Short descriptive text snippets

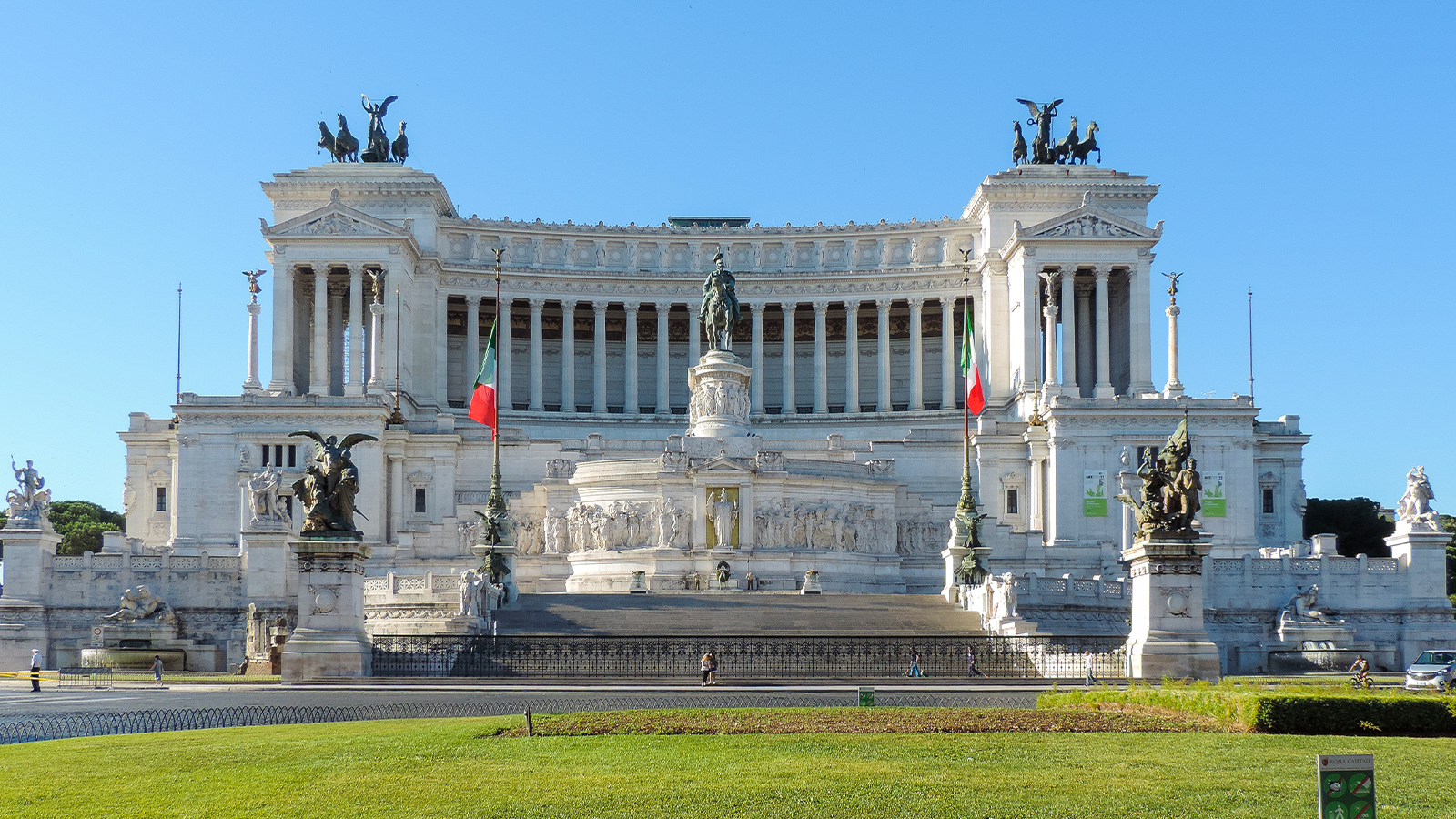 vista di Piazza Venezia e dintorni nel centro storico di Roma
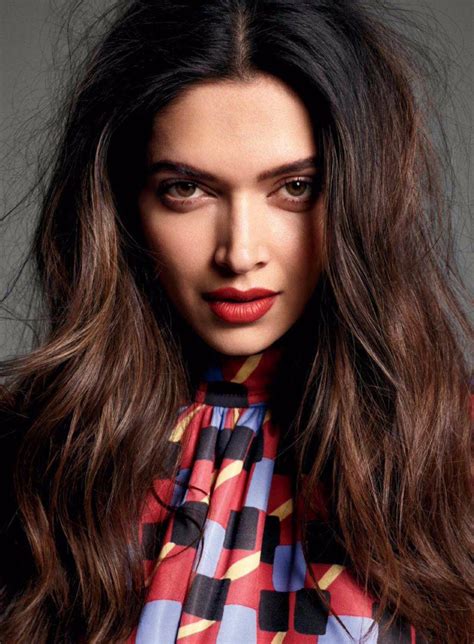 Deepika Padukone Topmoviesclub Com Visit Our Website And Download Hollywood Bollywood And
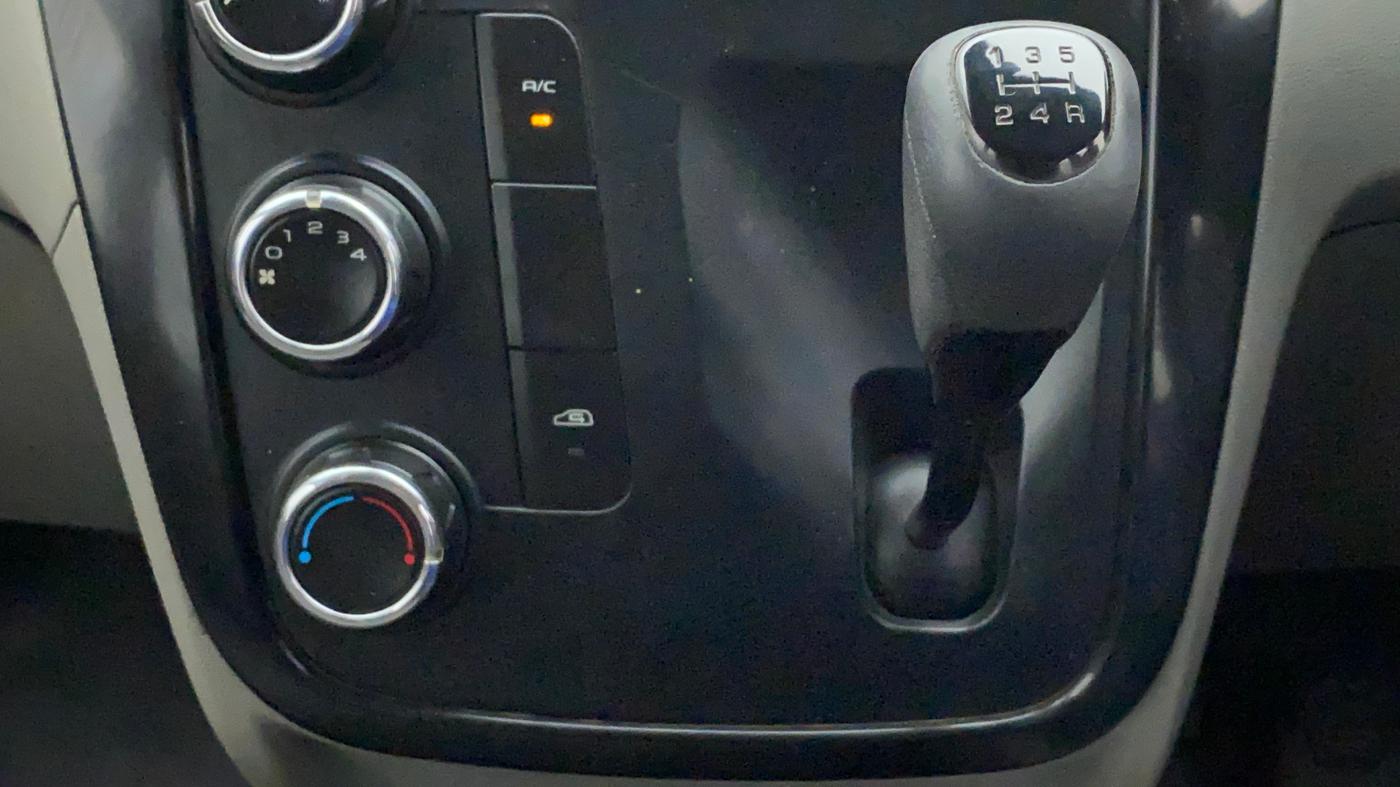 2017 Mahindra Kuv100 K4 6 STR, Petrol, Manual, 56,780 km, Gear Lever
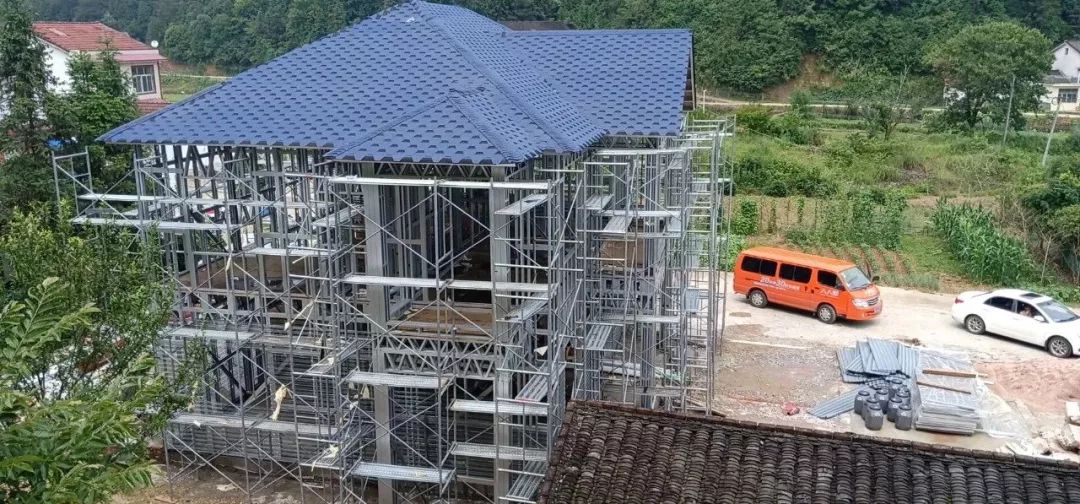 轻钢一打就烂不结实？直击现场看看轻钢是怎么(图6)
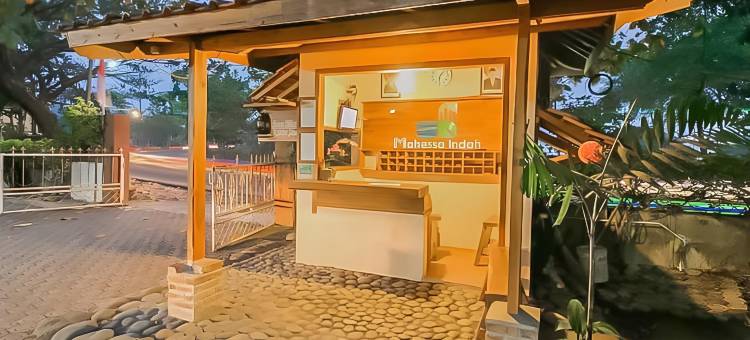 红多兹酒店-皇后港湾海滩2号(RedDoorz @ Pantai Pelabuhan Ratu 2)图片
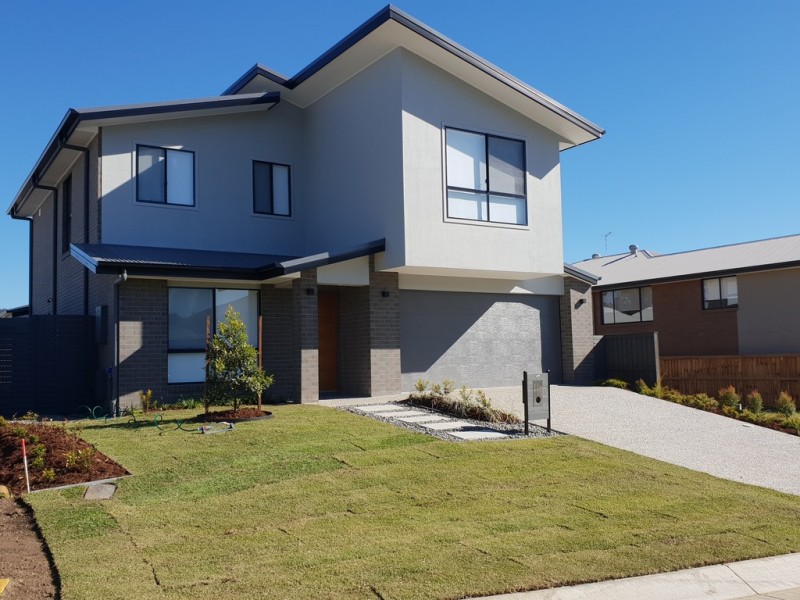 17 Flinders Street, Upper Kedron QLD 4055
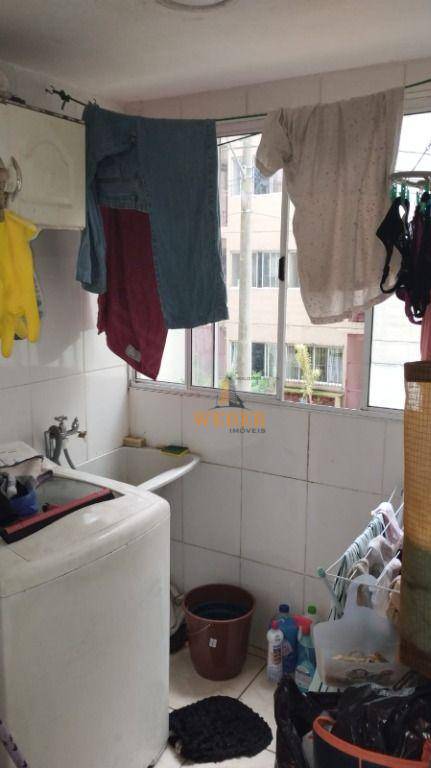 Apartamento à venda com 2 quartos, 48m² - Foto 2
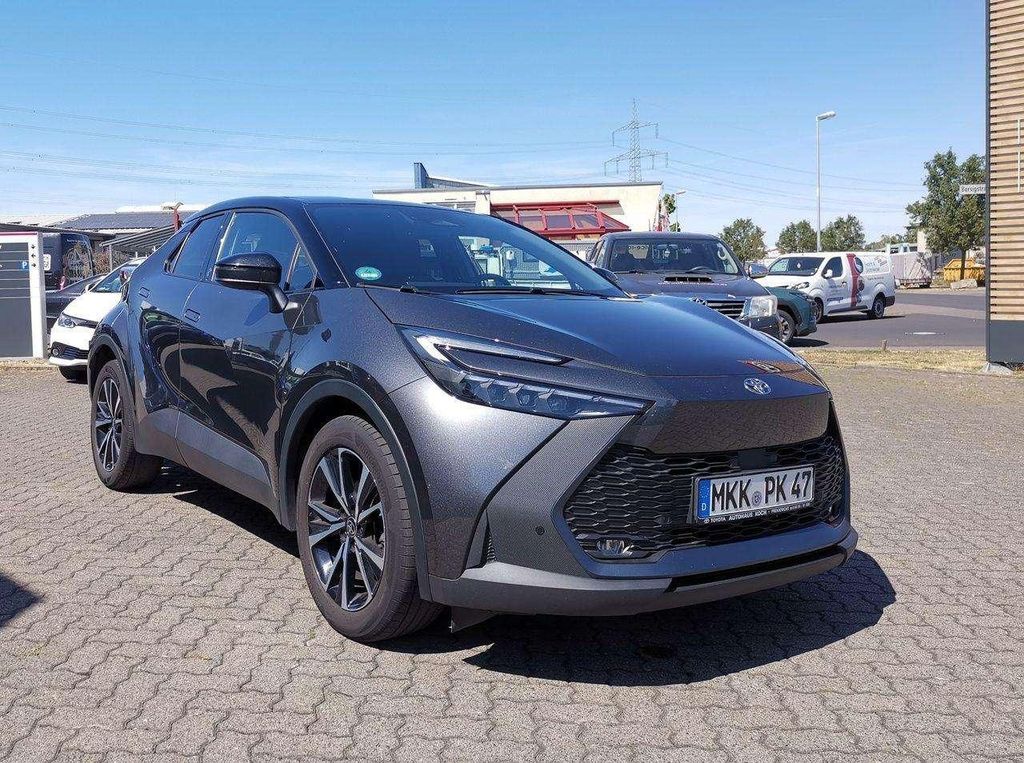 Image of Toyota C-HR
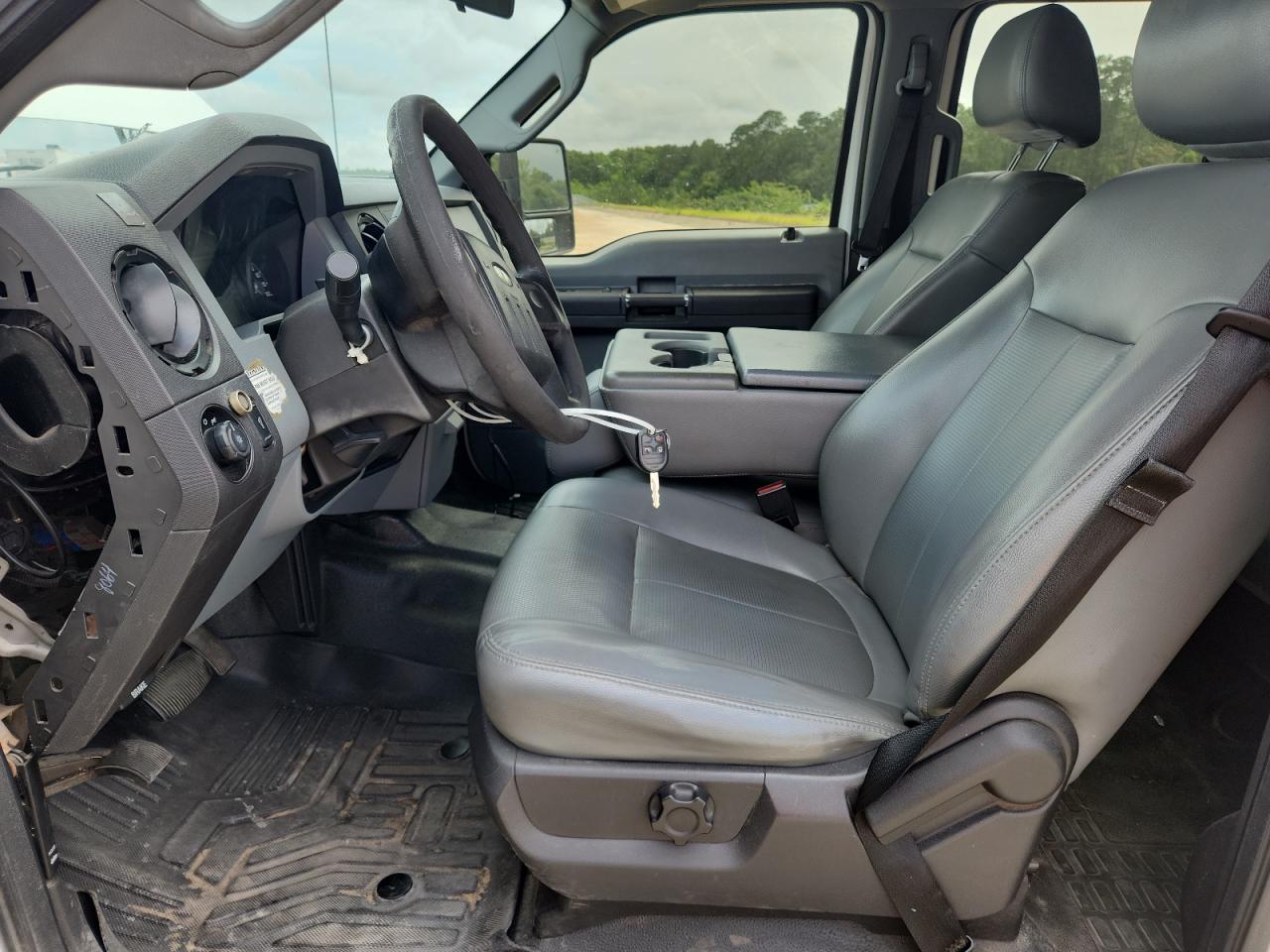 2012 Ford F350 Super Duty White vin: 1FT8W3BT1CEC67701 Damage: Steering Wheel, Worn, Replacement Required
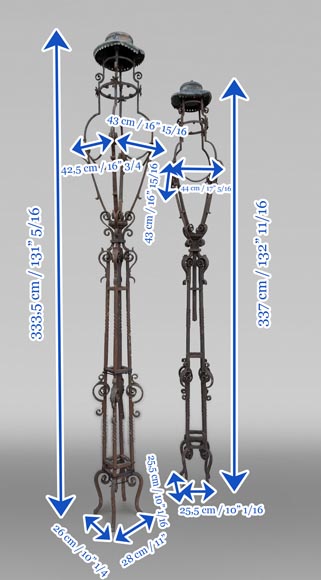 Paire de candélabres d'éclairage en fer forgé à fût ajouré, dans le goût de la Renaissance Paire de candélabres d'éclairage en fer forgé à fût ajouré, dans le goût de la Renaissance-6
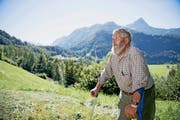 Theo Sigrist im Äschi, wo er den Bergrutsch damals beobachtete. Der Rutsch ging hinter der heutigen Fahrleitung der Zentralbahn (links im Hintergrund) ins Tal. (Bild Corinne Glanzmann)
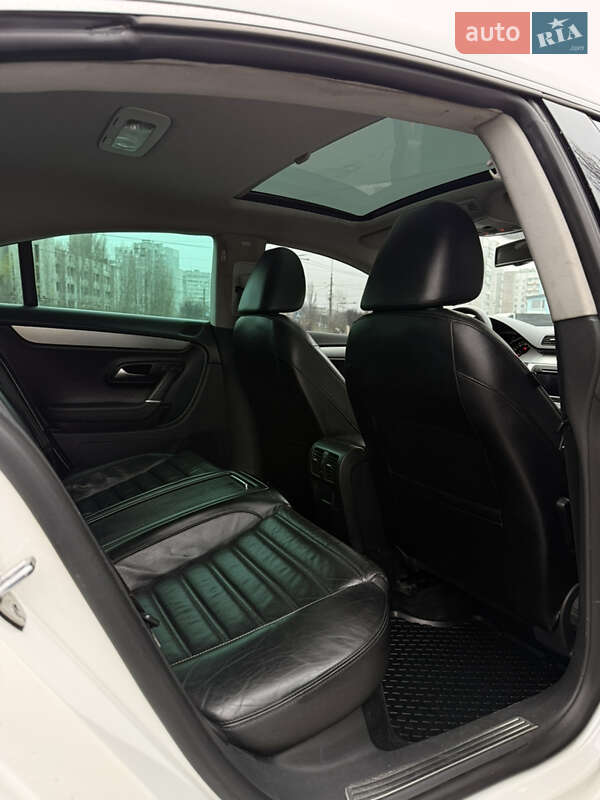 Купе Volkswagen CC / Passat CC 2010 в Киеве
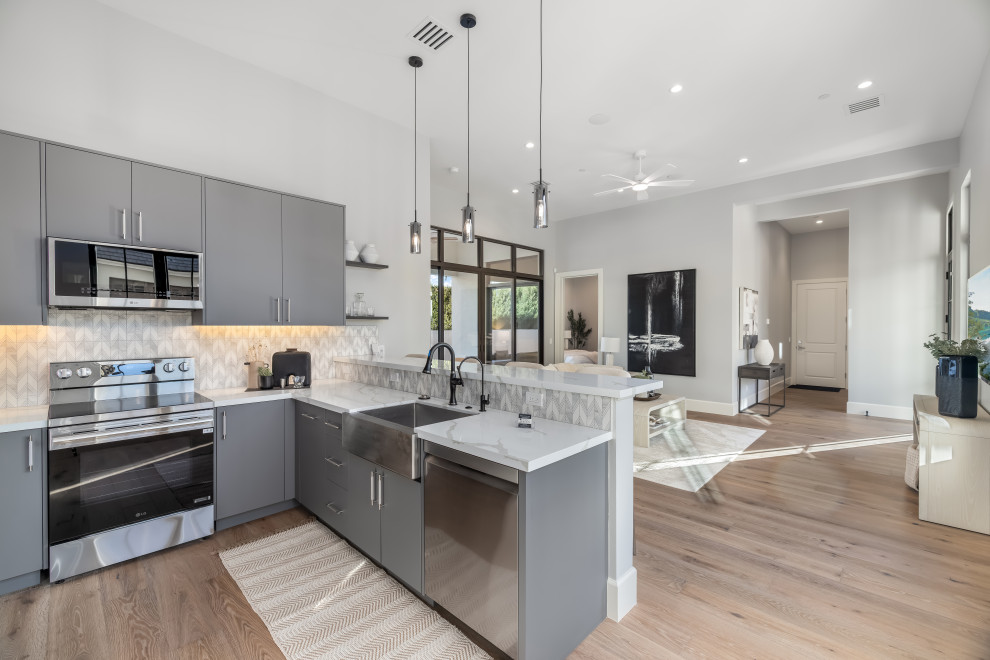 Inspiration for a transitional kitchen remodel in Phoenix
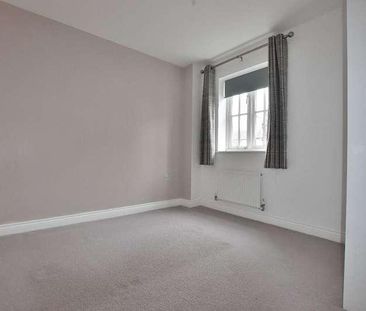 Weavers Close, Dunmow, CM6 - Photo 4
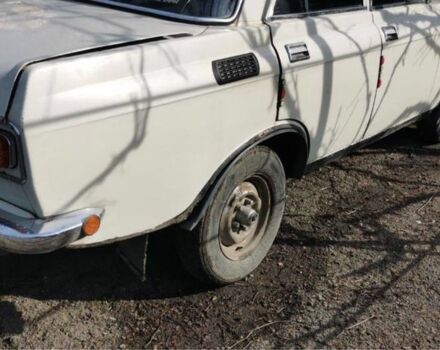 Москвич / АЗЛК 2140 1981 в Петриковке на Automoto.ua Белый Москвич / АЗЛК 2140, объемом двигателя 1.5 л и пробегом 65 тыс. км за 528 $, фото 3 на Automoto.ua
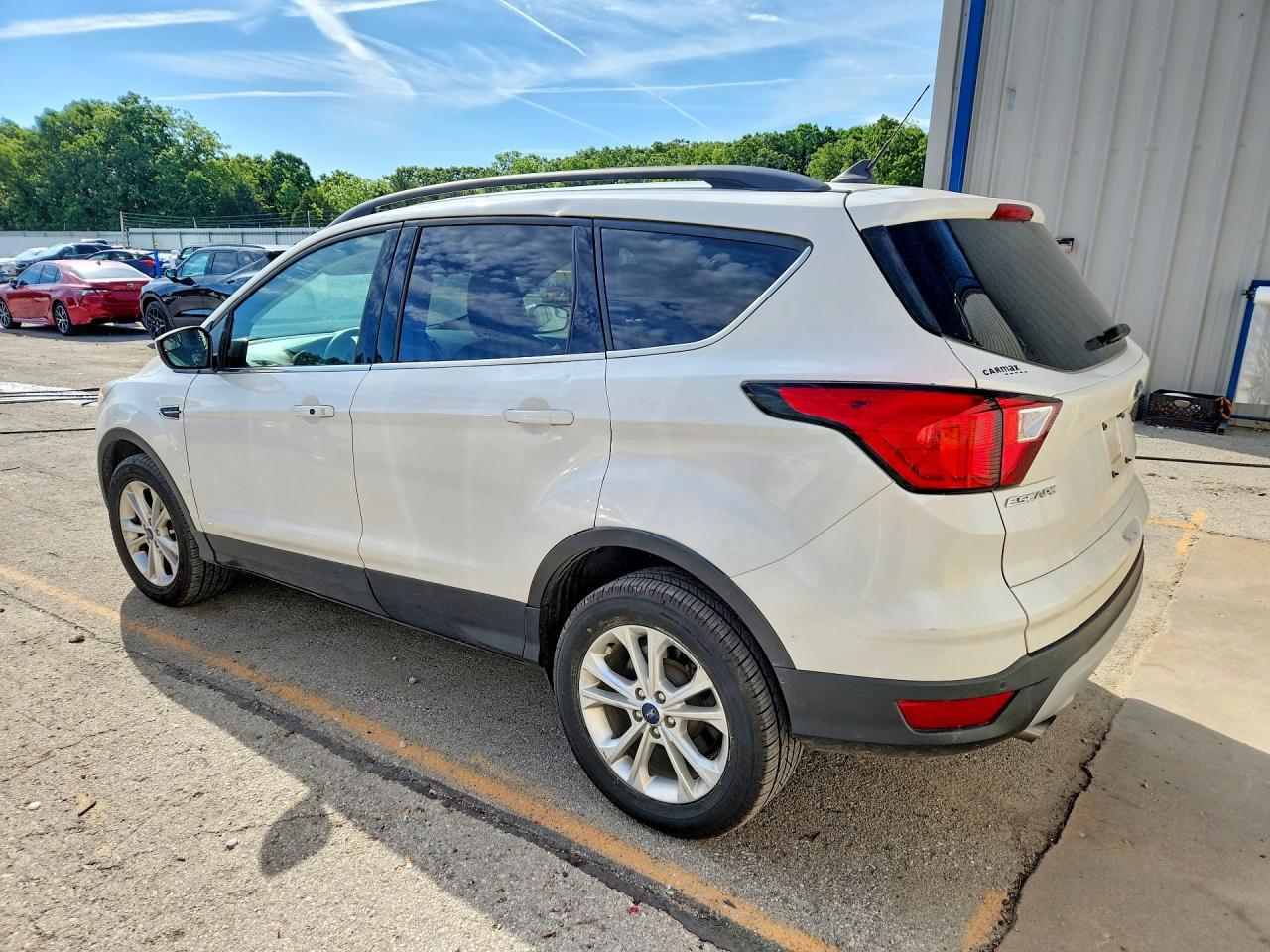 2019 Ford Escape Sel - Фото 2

#### REQUIRED ACTION
Output the data above exactly, beginning at its first line and ending with the line that holds "17 Flinders Street, Upper Kedron QLD 4055". Leave out the pictures and add nothing.

#### ANSWER BOX
 vista di Piazza Venezia e dintorni nel centro storico di Roma
 Deepika Padukone Topmoviesclub Com Visit Our Website And Download Hollywood Bollywood And
 2017 Mahindra Kuv100 K4 6 STR, Petrol, Manual, 56,780 km, Gear Lever
 轻钢一打就烂不结实？直击现场看看轻钢是怎么(图6)
 红多兹酒店-皇后港湾海滩2号(RedDoorz @ Pantai Pelabuhan Ratu 2)图片
 17 Flinders Street, Upper Kedron QLD 4055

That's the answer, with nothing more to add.